MDP is the mathematical framework to describe RL problems.

A discounted MDP is defined by a tuple $(S, A, P, R, \gamma)$ where

$S$ state space, discrete or continuous (most cases discrete)
$A$ action space. we only consider finite action apace, i.e. $A = \{a_1,...,a_M\}$
$P$ transition probability
$R$ immediate reward distribution
$\gamma$ discount factor $0\leq \gamma \leq 1$

The agent has a state $s\in S$ in the environment.

At every time step $t = 0, 1,...$ the agent is at state $S_t$.

Takes an action $A_t$
Moves into a new state $S_{t+1}$, according to the dynamics of the environment and the selected action, i.e., $S_{t+1}\sim P(\cdot|S_t, A_t)$
Receives some reward $R_t \sim R(\cdot|S_t, A_t, S_{t+1})$
Alternatively, $R_t \sim R(\cdot|S_t, A_t)$ or $R_t\sim R(\cdot |S_t)$

The action selection mechanism is described by a policy $\pi$, which is a mapping from states to actions, i.e., $A_t = \pi(S_t)$ (deterministic policy) or $A_t\sim \pi(\cdot|S_t)$ (stochastic policy).

The goal is to find a policy $\pi$ s.t. long term rewards of the agent is maximized.

Different notions of long-term reward:

Cumulative/total reward: $R_0 + R_1 + R_2 + ...$
Discounted (cumulative) reward: $R_0 + \gamma R_1 + \gamma^2 R_2 + ...$
- The discount factor $0\leq \gamma \leq 1$ determines how myopic the agent is.
- When $\gamma >> 0\Rightarrow $ more myopic, $\gamma >> 1\Rightarrow $ less myopic.

Transition Probability (or Dynamics)

The transition probability describes the changes in the state of the agent when it chooses actions

\[P(S_{t+1} = s'|S_t = s, A_t = a)\]

This model has Markov property; the future depends on the past only through the current state.

A policy is the action-selection mechanism of the agent, and describes its behavior.
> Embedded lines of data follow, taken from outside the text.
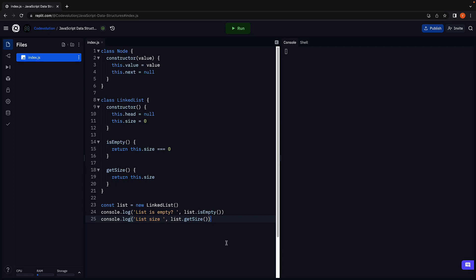In the previous video, we created the node and linked list classes. We also implemented the isEmpty and getSize methods on the linked list class. In this video, let's learn how to add a new node at the start of the list.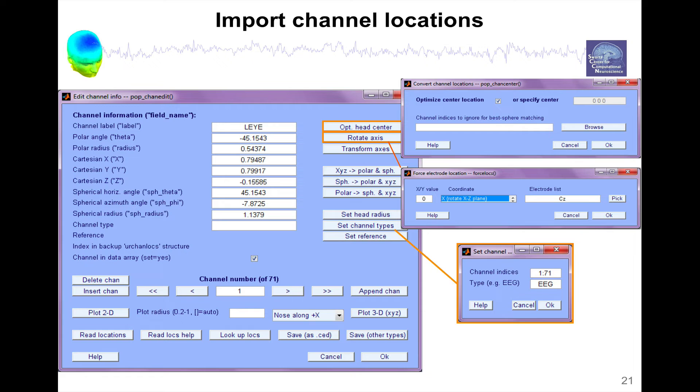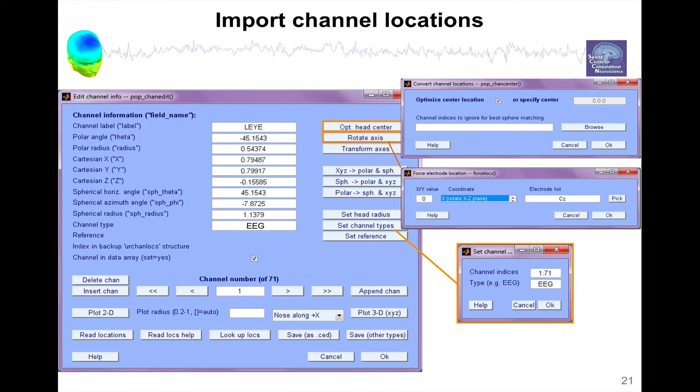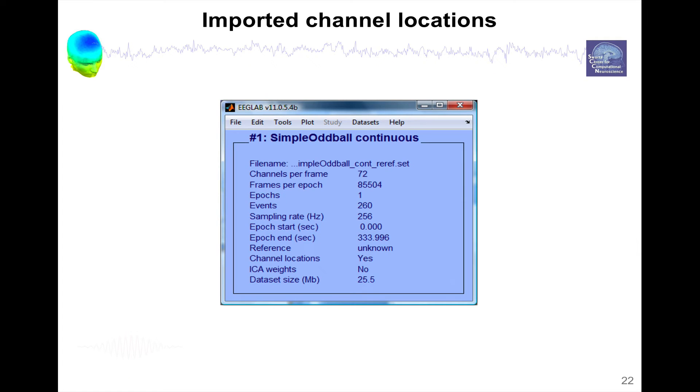And then you can also select the channel types. If you have only EEG channels, you can set them to all the EEG channels. Or if you have autonomous channels like heart, respiration, you can also assign them different types. There's specific types for different types of channels. And this is useful, for instance, when you're filtering data, you can select different types or for all the types of processing.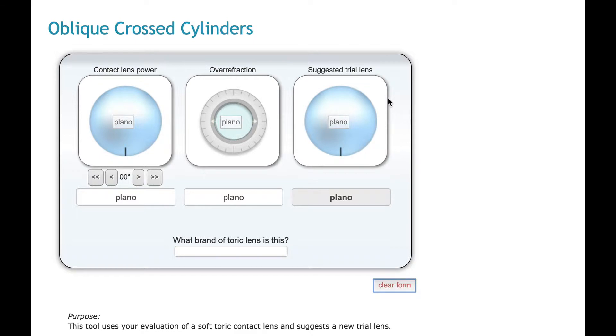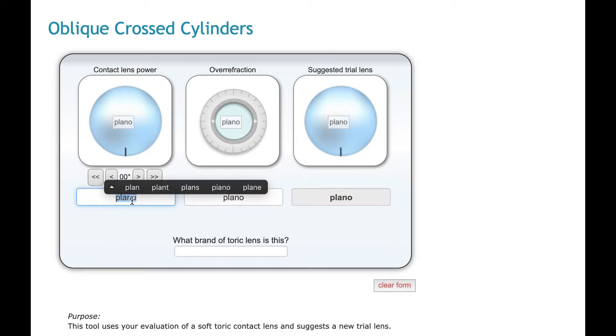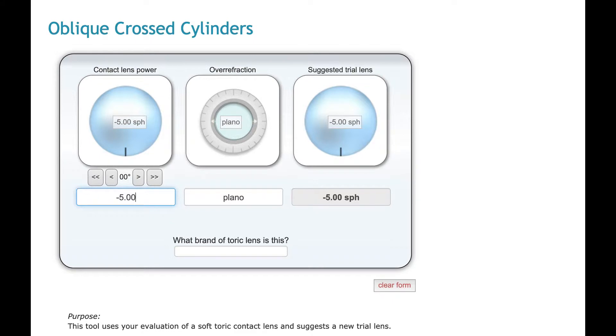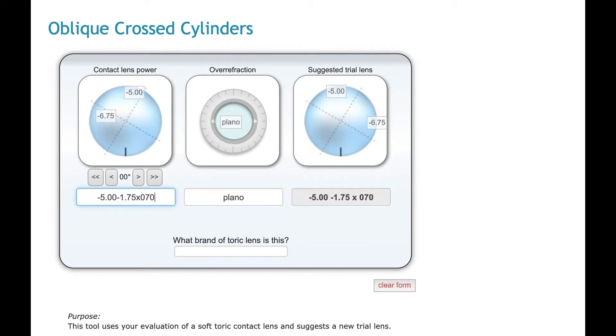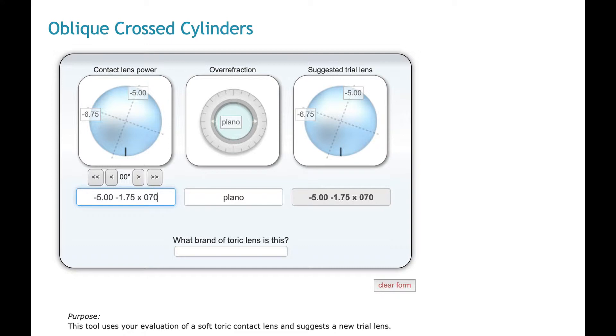I try to make it real straightforward and easy to use. There are three columns. The first one is the contact lens power. So I can type in the powers of a contact lens in just a normal format. I'll say minus 5 minus 1.75 axis 70. I try to make this real visual. For everything that you type in here, it'll show you the powers on an optical cross. So you can really kind of visualize how these powers are lining up on the eye.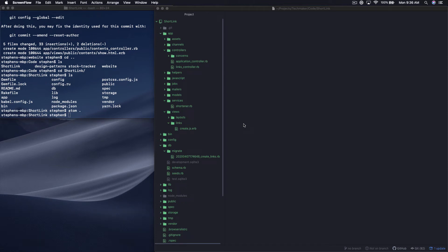What's up guys? It's Steven with TechMaker.TV. This is building a link shortener with Ruby on Rails part 6.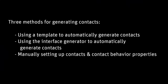In this demonstration, you'll learn how to generate contacts using three different methods. The first two are automatic, using a template or the interface generator. The third method is to manually set up contacts and modify contact properties.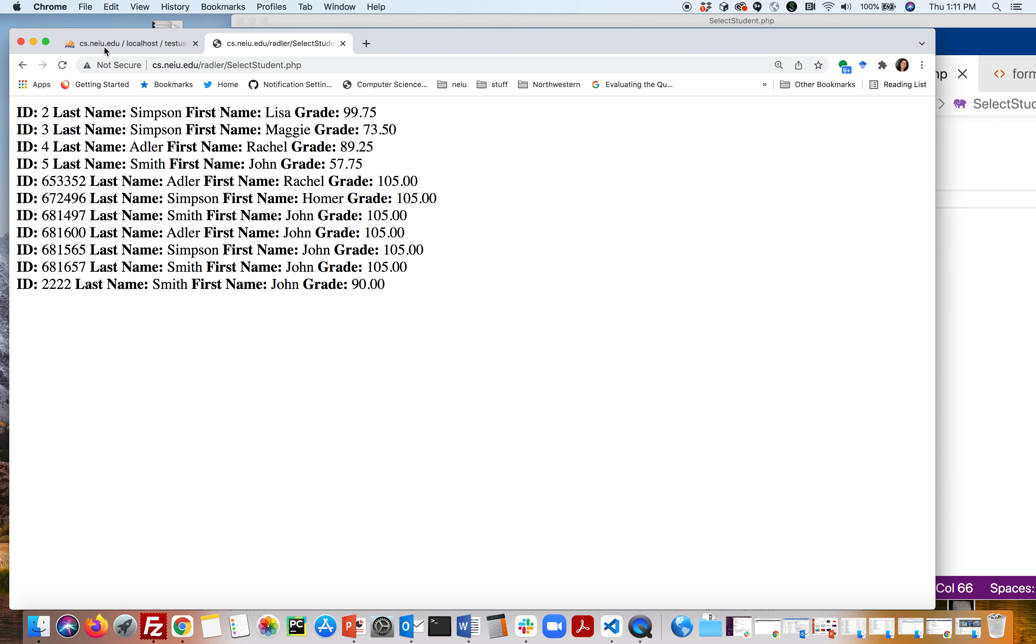We go, you can see I already ran it - select students.php - and it's just printing out id, last name, first name. It's not very nice, but it works and it's getting it from the database.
Policy can be deterministic or stochastic.

Value Function based Reinforcement Learning

The expected future reward, and is used to evaluate the desirability of states.
State-value function $V^\pi$ for policy $pi$ is a function defined as

\[V^\pi(s):= E_\pi \bigg[\sum_{t\geq 0}\gamma^t R_t\mid S_0 = s], R_t\sim R(\cdot |S_t, A_t, S_{t+1})\bigg]\]

describes the expected discounted reward if the agent starts from state $s$ following policy $\pi$.

Action-value function $Q^\pi$ for policy $\pi$ is

\[Q^\pi(s,a) := E_\pi\bigg[\sum_{t\geq 0}\gamma^t R_t\mid S_0 = s, A_0 = a\bigg]\]

describes the expected discounted reward if the agent starts from state $s$, takes action $a$, and afterwards follows policy $\pi$.

The goal is to find a policy $\pi$ that maximizes the value function, i.e. the optimal value function

\[Q^*(s,a)=\sup_\pi Q^\pi(s,a)\]

Given $Q^*$, the optimal policy can be obtained as

\[\pi^*(s) = \arg\max_a Q^* (s,a)\]

The goal of an RL agent is to find a policy $\pi$ that is close to optimal, $Q^\pi \approx Q^*$